## Source material

------------------------------------

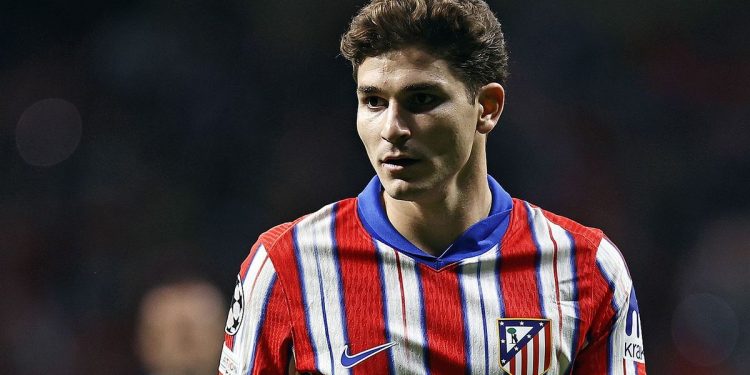 Champions League: gol de Julián Álvarez y derrota del Atlético de Madrid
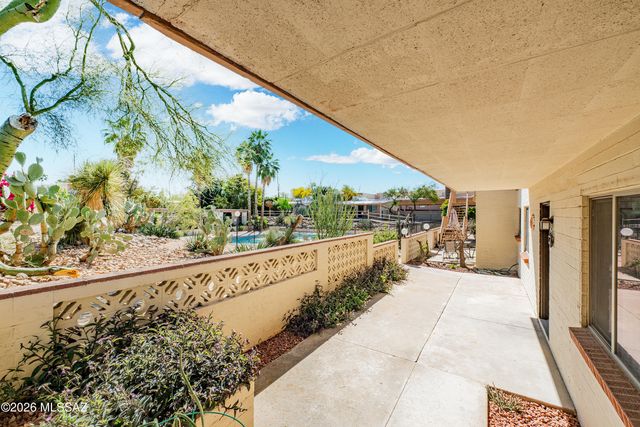 5901 N Oracle Rd Apt 28, Tucson, AZ 85704
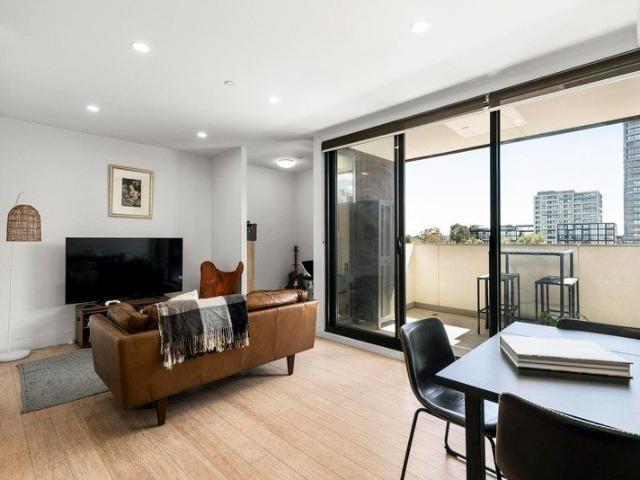 Apartment for sale in Moonee Ponds, Melbourne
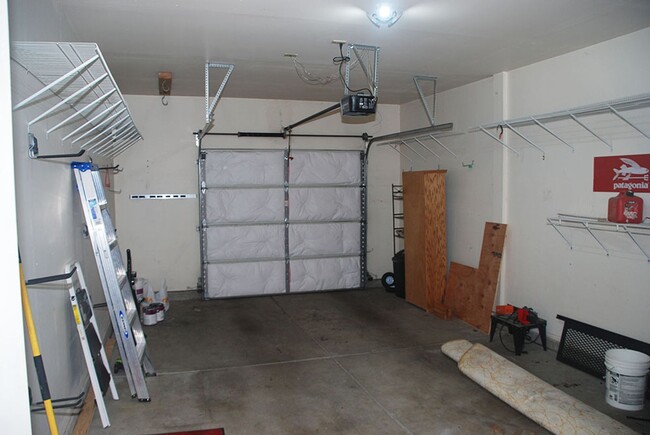 Building Photo - 1 bedroom townhouse in Tanamera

------------------------------------

## Exercise directions
The lines to copy run from the line containing "5901 N Oracle Rd Apt 28, Tucson, AZ 85704" through the end of the data above; copy exactly those, minus the pictures.

## Answer box
 5901 N Oracle Rd Apt 28, Tucson, AZ 85704
 Apartment for sale in Moonee Ponds, Melbourne
 Building Photo - 1 bedroom townhouse in Tanamera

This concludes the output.